Enter into the arena - Caramel

So the version of Jo's recipe in the GBBO book calls for the sugar to be dissolved in water, then brought to the boil rapidly to a light caramel - 160C on a sugar thermometer. Now I have a thermometer which goes to 100C, no problem I think when it hits the red we'll know we're well on the way - WRONG again! I made two batches, neither of which would take, our baby girl has had more than enough of spending the day in the kitchen with Mummy, and my slightly irate (totally justified) husband is shoeing me out of the kitchen, with our daughter in toe, to go get changed.

When I return to the kitchen, it seems he has been struck by the same problem, coupled with the discovery that the thermometer doesn't actually work. At a complete loss I turn to the trusted internet for divine intervention. We have enough ingredients left to go for one more attempt at caramel. Then I find it, Delia Online - How to make caramel, I can hear my mother's voice in my head "you can't go far wrong with Delia" - my Mum has always been a fan of Delia Smith, the family copy of the Complete Cookery Course is looking a bit worse for wear these days.
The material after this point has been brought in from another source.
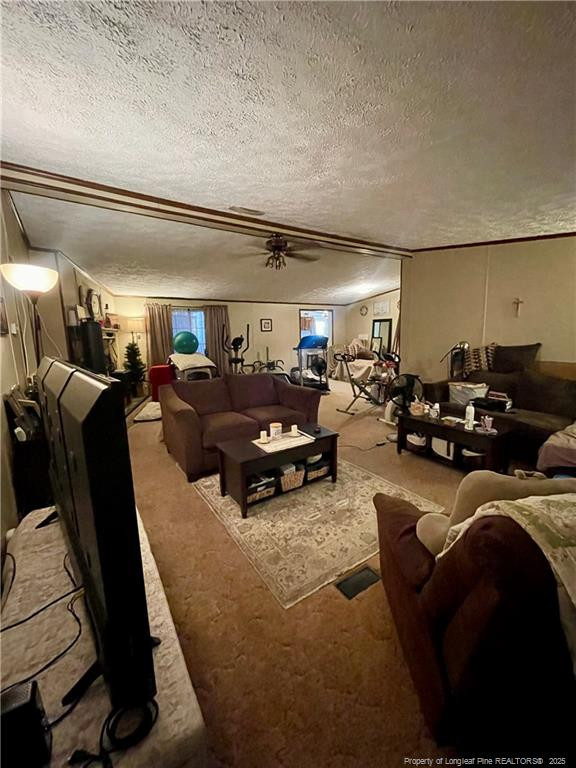 2661 The Avenue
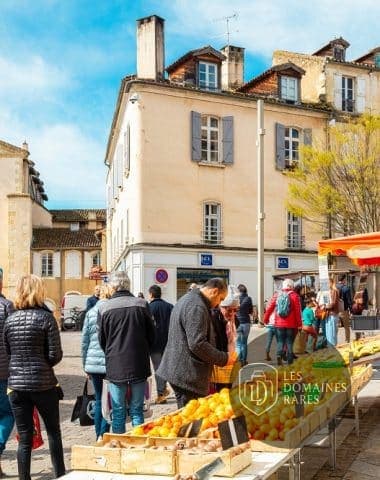 Vue extérieure du lieu Pousterle à Sabran en Occitanie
So here we were pinning all of our hopes on Delia to save the croquembouche birthday cake...and it only bloody worked! I might add that by this time it was already 6.15pm and we had yet to assemble the damn thing!

As I am not blessed with a croquembouche cone to assemble this with, we opted for the cake board option. The squeezy bottle finally came into its own for filling the profiteroles with the creme patisserie. Working as quickly as we could we started frantically dipping the profiteroles into the caramel and sticking them to the cake board gradually forming some resemblance to a tower. Then came the attempt at spun caramel...when they warn you that this is messy, oh god it's an under statement, ask my husband he had the blistered fingers to prove it...yes I did feel extremely guilty, but we finally had an assembled croquembouche complete with candles to sit in the middle of the dinner table. It wasn't the most technically brilliant profiterole tower ever made, nor was it the most precisely made, but it tasted great!

I think I will just need a bit more practice, this definitely would never have been pulled off without the teamwork from my husband (only now is he realising the drawbacks to me baking lots of lovely different things!) This is also where the name 'Bakin' Me Crazy!' came from :-)

The only disappointment is that I don't have a better photo of the finished product - this is after it had been sat on the table for a few hours.

MORAL OF MY TALE - If a recipe calls for specific equipment make sure you use it, and it's best not to put yourself under specific time constraints if you are attempting something complex for the first time - if you can at all help it!!!